• [WHAT THE EXERCISE ASKS]
In the records below, repeat exactly the lines between the line holding "One of the managers" and the line holding "Krátky, oranžový prepojovací", inclusive, and drop the pictures.

• [MATERIAL FOR THE TASK]
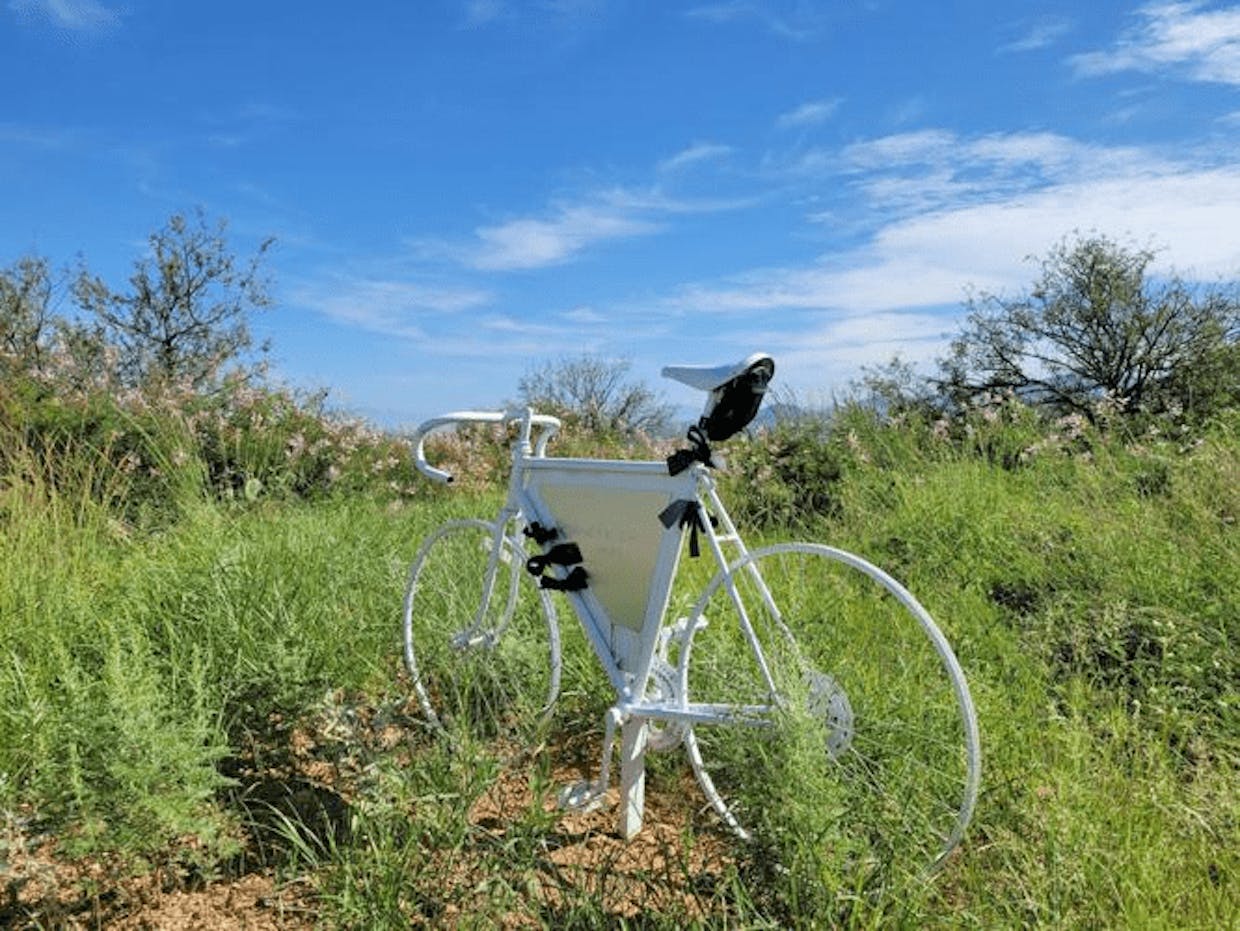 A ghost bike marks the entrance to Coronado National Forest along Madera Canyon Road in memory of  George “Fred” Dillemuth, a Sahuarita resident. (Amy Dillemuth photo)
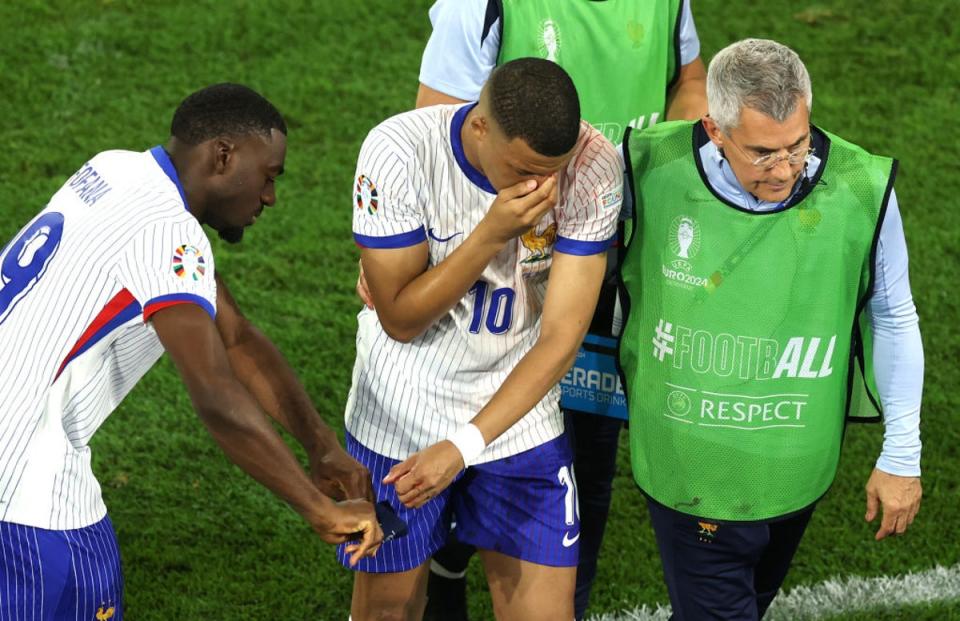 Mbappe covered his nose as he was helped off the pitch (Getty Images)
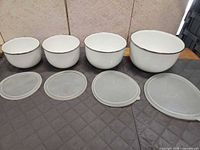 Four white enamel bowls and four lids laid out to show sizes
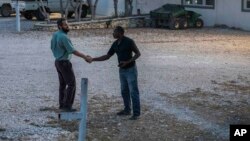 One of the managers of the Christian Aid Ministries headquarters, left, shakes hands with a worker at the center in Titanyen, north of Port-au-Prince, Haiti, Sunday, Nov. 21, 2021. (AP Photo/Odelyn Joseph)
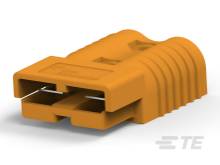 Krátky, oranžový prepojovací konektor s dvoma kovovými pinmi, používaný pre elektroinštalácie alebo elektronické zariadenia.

* * *

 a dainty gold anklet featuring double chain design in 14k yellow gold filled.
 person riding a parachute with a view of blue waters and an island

• [EXERCISE RESPONSE]
 One of the managers of the Christian Aid Ministries headquarters, left, shakes hands with a worker at the center in Titanyen, north of Port-au-Prince, Haiti, Sunday, Nov. 21, 2021. (AP Photo/Odelyn Joseph)
 Krátky, oranžový prepojovací konektor s dvoma kovovými pinmi, používaný pre elektroinštalácie alebo elektronické zariadenia.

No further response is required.